El castellano de los canarios combina sonidos tropicales con un vocabulario muy poético. «¿Les gustan los embelesos?», nos pregunta nuestra anfitriona María cuando llegamos a su finca en Agaete. No sabemos qué contestar hasta entender que se refiere a unos plumbagos azules que se apoyan en un muro. «Mira, allí tenemos flores de mundo», continúa ella, y para nuestra sorpresa apunta a unas hortensias. Después nos explicarán que a la hortensia le dan ese precioso nombre porque tiene forma de globo terráqueo.

Ese día en que llegamos vemos poco de la isla porque hay una densa niebla que llaman calima. Como nuestras vaguadas costeras, pienso, pero resulta que está compuesta de polvo del Sahara. En pocos días voy descubriendo que los grancanarios viven tan atentos al clima como los ingleses, y es entendible, porque el clima cambia tanto como en Inglaterra, con la diferencia de que cambia en un registro que va de bueno a perfecto, y no de pésimo a regular como en Inglaterra.
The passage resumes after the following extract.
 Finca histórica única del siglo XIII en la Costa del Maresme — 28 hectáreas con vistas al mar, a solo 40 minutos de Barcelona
Por otro lado en Gran Canaria hay una profusión de microclimas, separados por distancias muy cortas. Un turista puede acceder a la playa más asoleada del día con poco esfuerzo, porque todo está cerca. Como me dijo una canaria para explicar lo fácil que es desplazarse de un lugar a otro, «la isla es muy cómoda para menearse».

La arquitectura es heterogénea. El antiguo barrio de Vegueta, en Las Palmas, es colonial, y recuerda ciudades como Cartagena de las Indias o La Habana, con la diferencia de que la piedra allí es de un gris muy oscuro. Proveniente del cercano poblado de Arucas, es una piedra que parecería melancólica en Londres o París, pero en Las Palmas no lo es para nada, dada la envidiable luminosidad de la ciudad. Ya saliendo de Vegueta, nos encontramos con edificios como el del otrora elegante hotel Santa Catalina, construido en 1888. El hotel recuerda a otros similares, como el Old Cataract en Aswan, siendo de ese estilo colonial tropical en que construían los ingleses a fines de la era victoriana.
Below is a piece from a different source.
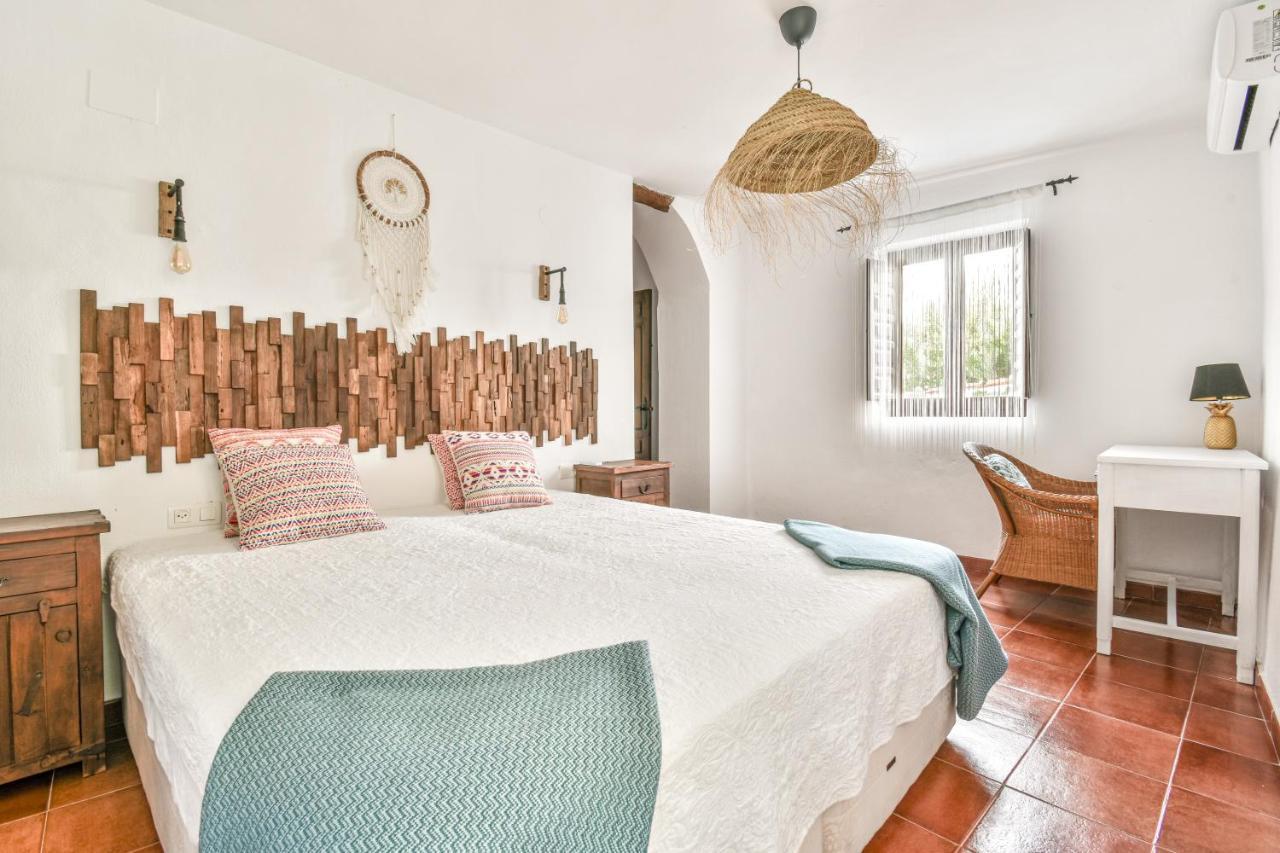 Casa Sol Y Aire - Vakantievilla In Dorp Met Prive Zwembad Pinos del Valle Extérieur photo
La Gran Canaria da una doble sensación que puede parecer contradictoria: de ser una isla muy remota y muy completa. Remota por estar como en medio de la nada, varada en alta mar, mágicamente lejana. Completa porque parece no faltarle nada. Los canarios comparten esta doble mirada. Hablan de España, para ellos «la península», o de Europa, como si fueran lugares distantes y ajenos. Pero reproducen los mejores atributos de esos lugares. Como las hortensias de María, Gran Canaria es una isla de mundo, con buena ópera, orquesta sinfónica y habitantes muy cultos.
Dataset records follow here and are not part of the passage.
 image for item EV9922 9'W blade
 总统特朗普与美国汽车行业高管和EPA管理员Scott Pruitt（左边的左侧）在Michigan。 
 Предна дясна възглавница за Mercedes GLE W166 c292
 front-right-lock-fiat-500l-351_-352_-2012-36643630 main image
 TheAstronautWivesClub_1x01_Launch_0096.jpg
Durante nuestra estadía la calima se va levantando de a poco, y como una odalisca que va revelando sus secretos más preciados, la isla nos va mostrando sus playas y sus nobles pueblos del interior, como el de Teror, donde está la basílica de la muy querida Virgen del Pino. Nuestros generosos anfitriones, preocupados siempre del clima que nos está tocando, terminan admitiendo que hemos tenido algunos días perfectos.